FIFA-Schiedsrichter Guido Kleve aus Hoffnungsthal schafft den Spagat zwischen Kanzlei und Seitenlinie

Er stand einem aufbrausenden Jürgen Klopp Auge in Auge gegenüber. Er war als vierter Offizieller dabei, als Leverkusens Ex-Trainer Roger Schmidt im ersten Spiel nach seiner „Ich-geh-nicht-vom-Platz-Sperre” seinen Job wieder aufnahm. Er rannte Spaniens Nationaltrainer Vincente del Bosque an der Seitenlinie über den Haufen. Jetzt stand Guido Kleve im Jugendheim des TV Hoffnungsthal vor Sponsoren, Trainern und Jungschiedsrichtern. Der Rechtsanwalt spricht über Führung, Wahrnehmung, Verantwortung und Entscheidungen, die in Sekundenbruchteilen im höchsten Stress gefällt werden.

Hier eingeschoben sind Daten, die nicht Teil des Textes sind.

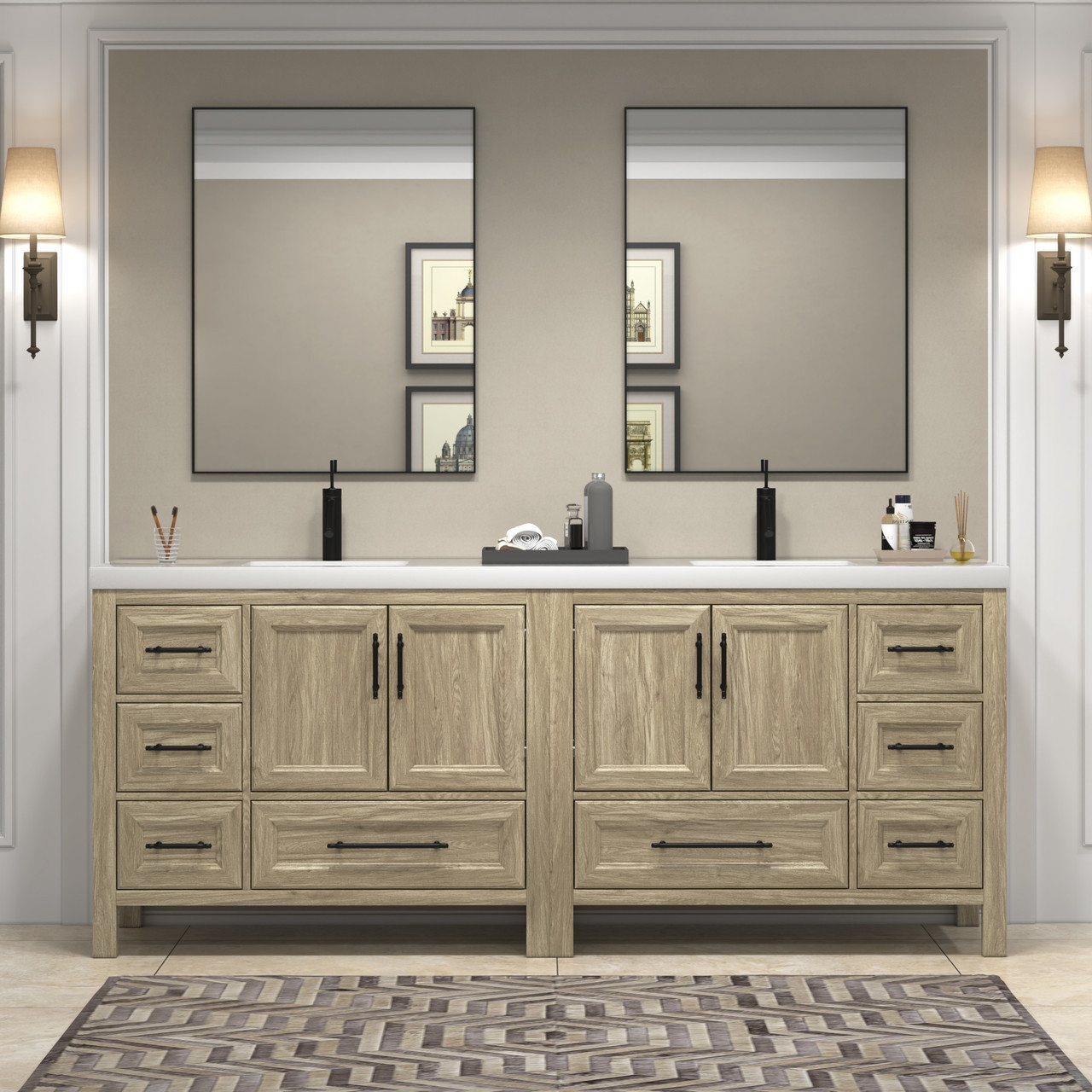 VIV 84" Inch Solid Wood Freestanding Bathroom Vanity in French Oak by Moreno Bath Vanities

Herr Kleve, Sie waren damals beim Spiel zwischen Frankfurt und Dortmund 2012 als Vierter Offizieller ein „Wut-Opfer” von Jürgen Klopp. Die Bilder wanderten um die Welt . . .

Guido Kleve:… dabei ging es um eine ganz banale Entscheidung, einen Freistoß im Mittelfeld, glaube ich. Aber er stand so unter Druck und musste diesen entladen. Ich war derjenige, der in der Nähe war.

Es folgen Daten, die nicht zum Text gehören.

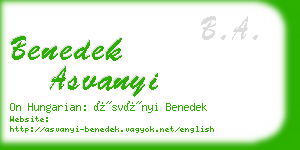 benedek asvanyi business card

Wie konnten Sie dabei selber so ruhig bleiben?

Kleve: Es ist erst mal wichtig, dass man vom eigenen Gemüt eine ausgeglichene Person ist und die Rolle als vierter Offizieller auch so wahrnimmt. Da wir uns vor den Begegnungen auf die Mannschaften einstellen, war ich zwar überrascht, aber zumindest reaktionsfähig. Dann geht es darum, Aggressivitäten nicht widerzuspiegeln, sondern sich selber unter Kontrolle zu haben, Ruhe aufzunehmen und eine Entscheidung zu treffen, die dann auch richtig und nachvollziehbar ist.

Im Fall Klopp. . .

Kleve: . .halfen leider keine beruhigenden Worte mehr, sondern auch in der Nachspielzeit nur ein Verweis auf die Tribüne. Denn diese Szene sah ganz Fußball-Deutschland. Es musste ein klares Zeichen gesetzt werden. Bis hierhin und nicht weiter. Mir war klar: Wenn ich hier nicht eingreife, haben wir das demnächst in jedem anderen Stadion oder, noch schlimmer, auf den Amateurspielplätzen.

Roger Schmidt war nach seiner Sperre auch kurz davor, bei ihnen einen „Auftritt” zu haben. Sie haben diesen verhindert. Wie gehen Sie damit um?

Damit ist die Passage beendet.